Massimo Bossetti si è detto innocente

I giudici gelano Massimo Bossetti con una sentenza apodittica: ergastolo. Il muratore forse non si aspettava un trattamento del genere da parte della magistratura italiana e, per questo, non ha saputo trattenere le lacrime dopo la lettura della sentenza. Ieri, in mattinata, il muratore di Mapello aveva reso dichiarazioni spontanee in Aula. Aveva detto che non è la persona violenta e cruenta che tutti dipingono, che lui è innocente e che Yara Gambirasio poteva essere sua figlia, ‘neanche un animale avrebbe usato tanta crudeltà’. Massimo aveva sottolineato che la sera prima non aveva chiuso occhio e che era contento perché finalmente poteva dimostrare ‘che persona sono’. Parole che, a quanto pare, non hanno convinto la Corte presieduta da Enrico Fischetti. I giudici, irremovibili, non si sono fatti influenzare da parole del tipo: ‘Perché? Perché? Perché? Io non sono un assassino, mettetevelo in testa. Quel Dna non è mio’. Secondo Bossetti, il suo è il più grande errore giudiziario della storia.

Lieto della conferma della condanna, in Appello, è Enrico Pelillo, avvocato di parte civile, secondo cui ‘giustizia è fatta’. Adesso si fa dura per Bossetti e i suoi legali. L’unica ancora di salvezza, per il muratore di Mapello, è la Corte di Cassazione. Il suo legale ha affermato che verrà certamente proposto un ricorso dinanzi ai giudici della Suprema Corte. Non finisce dunque qui. L’unica cosa certa, al momento, è che Massimo Bossetti dovrà trascorrere tutta la sua vita in carcere.

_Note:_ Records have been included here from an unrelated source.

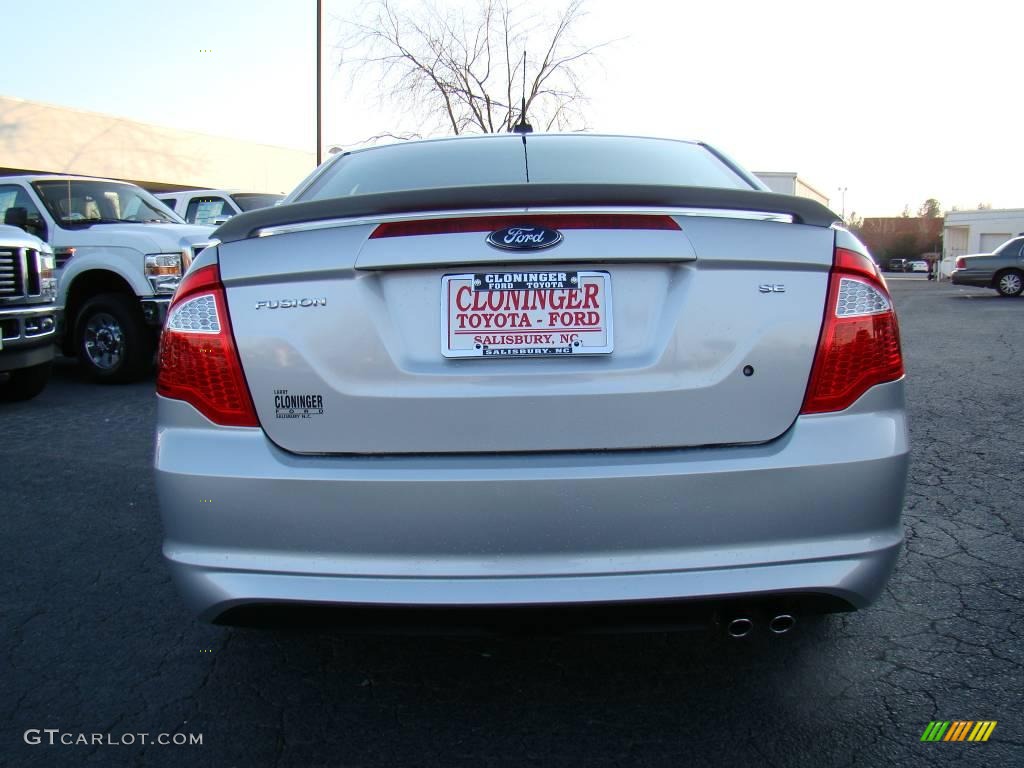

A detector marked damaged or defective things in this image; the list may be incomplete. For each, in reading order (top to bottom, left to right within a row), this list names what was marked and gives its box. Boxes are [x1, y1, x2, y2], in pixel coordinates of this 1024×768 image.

cracked pavement [0, 280, 1019, 765]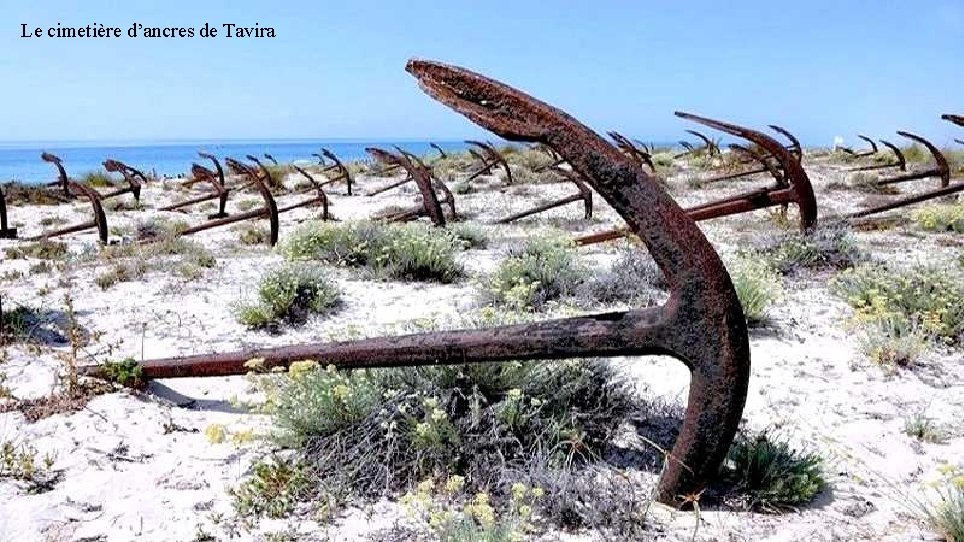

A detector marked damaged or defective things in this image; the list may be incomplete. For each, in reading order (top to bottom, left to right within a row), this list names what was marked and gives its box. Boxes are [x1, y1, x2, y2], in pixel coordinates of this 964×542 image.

corroded iron [0, 186, 16, 239]
rusty anchor [0, 186, 16, 239]
corroded iron [41, 153, 71, 200]
rusty anchor [23, 184, 108, 245]
corroded iron [24, 184, 109, 245]
corroded iron [175, 157, 278, 246]
rusty anchor [174, 158, 280, 248]
corroded iron [320, 149, 354, 196]
rusty anchor [320, 149, 354, 196]
rusty anchor [368, 147, 450, 225]
corroded iron [430, 142, 448, 159]
corroded iron [466, 140, 512, 185]
rusty anchor [466, 140, 516, 185]
rusty anchor [498, 167, 596, 224]
corroded iron [498, 167, 596, 224]
corroded iron [612, 131, 656, 171]
rusty anchor [612, 132, 656, 171]
rusty anchor [576, 115, 816, 246]
rusty anchor [848, 140, 908, 172]
corroded iron [848, 140, 908, 172]
corroded iron [880, 132, 948, 190]
rusty anchor [880, 132, 948, 190]
corroded iron [83, 60, 748, 510]
rusty anchor [81, 60, 752, 510]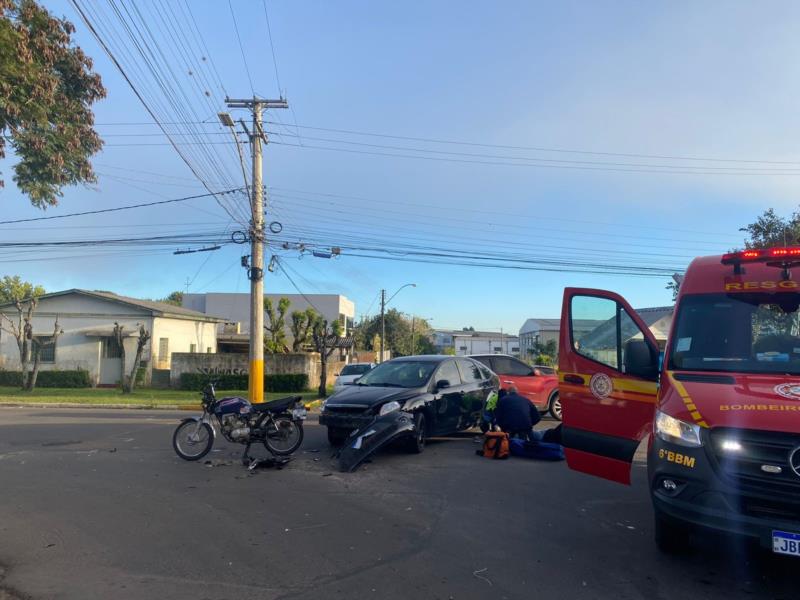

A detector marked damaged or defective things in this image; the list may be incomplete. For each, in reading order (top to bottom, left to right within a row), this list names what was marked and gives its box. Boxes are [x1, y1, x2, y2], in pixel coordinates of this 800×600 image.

crashed motorcycle [172, 382, 306, 466]
damaged black car [320, 356, 500, 468]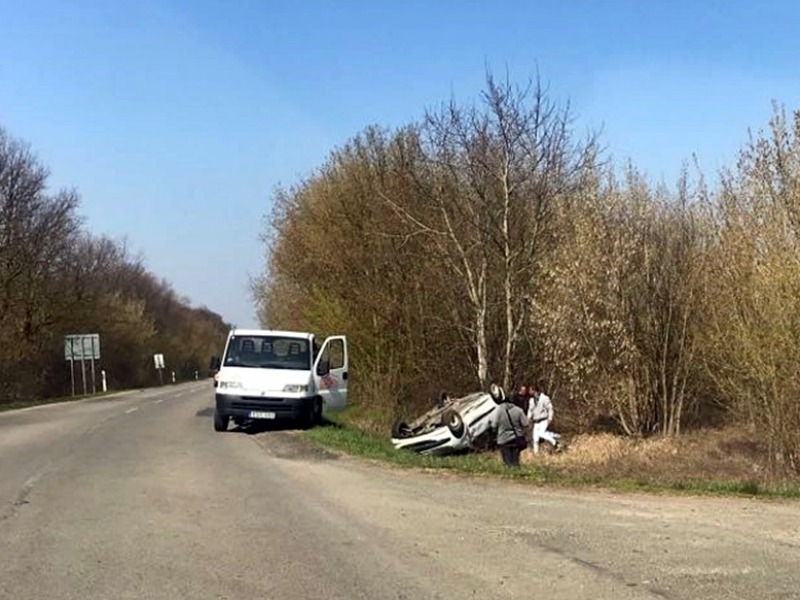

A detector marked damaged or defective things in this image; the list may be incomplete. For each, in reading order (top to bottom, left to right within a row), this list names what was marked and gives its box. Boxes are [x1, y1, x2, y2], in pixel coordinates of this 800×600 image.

overturned white car [390, 384, 504, 454]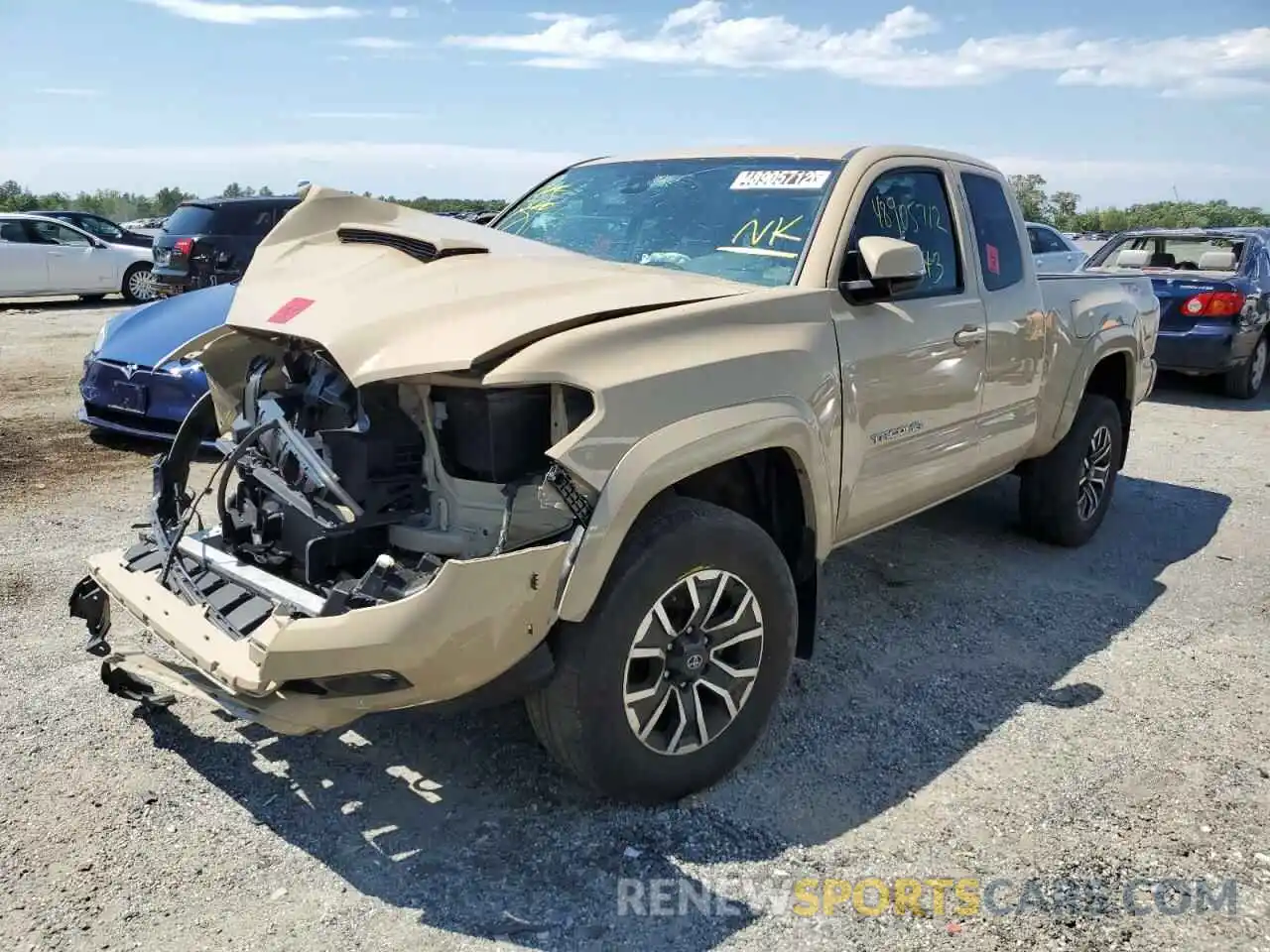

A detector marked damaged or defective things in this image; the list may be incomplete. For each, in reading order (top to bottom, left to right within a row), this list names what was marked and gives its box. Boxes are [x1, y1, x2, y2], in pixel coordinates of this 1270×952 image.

crumpled hood [98, 282, 236, 368]
crumpled hood [210, 184, 751, 383]
damaged tan pickup truck [71, 143, 1163, 807]
detached front bumper [65, 537, 572, 736]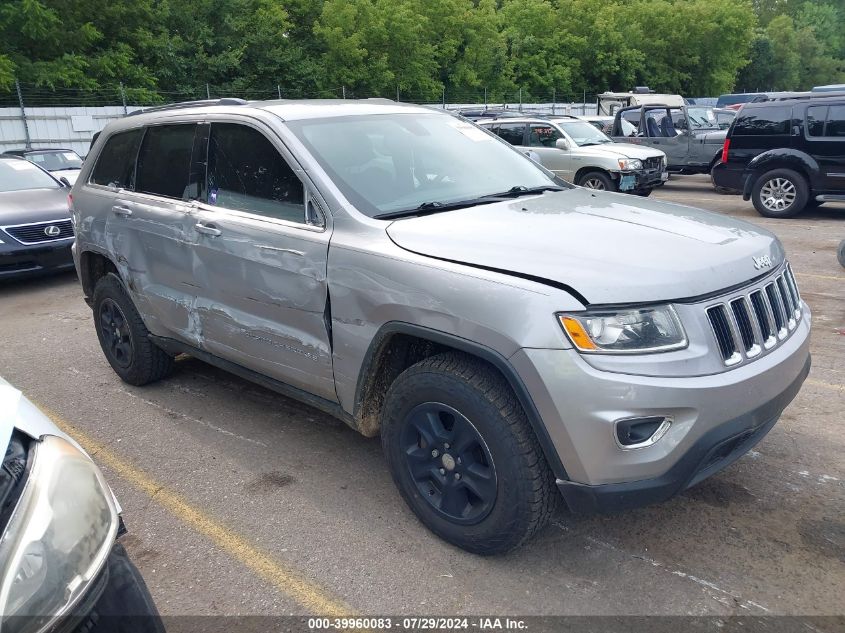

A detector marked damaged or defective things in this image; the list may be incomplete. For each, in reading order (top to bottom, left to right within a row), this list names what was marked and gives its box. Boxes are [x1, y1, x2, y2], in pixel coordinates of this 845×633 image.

dented door panel [190, 210, 334, 402]
damaged silver suv [71, 99, 812, 552]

Innocenza di Bossetti sostenuta da molti

Ieri, i giudici della Corte d’Assise d’Appello di Bergamo di Brescia hanno inserito un altro tassello nel grande mosaico del mistero sulla morte di Yara Gambirasio. Il caso ha sconvolto Bergamo e provincia, spaccando in due l’opinione di pubblica. Sì perché sono molti quelli che ritengono innocente Massimo Bossetti. Forse non tutti sanno che dietro al muratore di Mapello c’è un pool di difensori che ha sempre lavorato al caso gratuitamente. Nessuno, come tempo fa aveva sottolineato l’avvocato Claudio Salvagni, ha preso un euro di parcella. Il motivo sarebbe il desiderio di giustizia, di far emergere la verità. Salvagni aveva detto: ‘Tutti hanno lavorato a titolo gratuito perché la verità è che un caso del genere è capitato a Bossetti, ma potrebbe capitare veramente a chiunque, soprattutto se dovesse passare la linea giuridica adottata nella sentenza di primo grado. Diventerebbe veramente molto pericoloso e rischioso per chiunque di noi’. Gli avvocati di Bossetti avevano lavorato sodo, anche 30 ore di fila, ad esempio, prima del deposito del ricorso in Appello. Loro sono certi che il muratore di Mapello è innocente.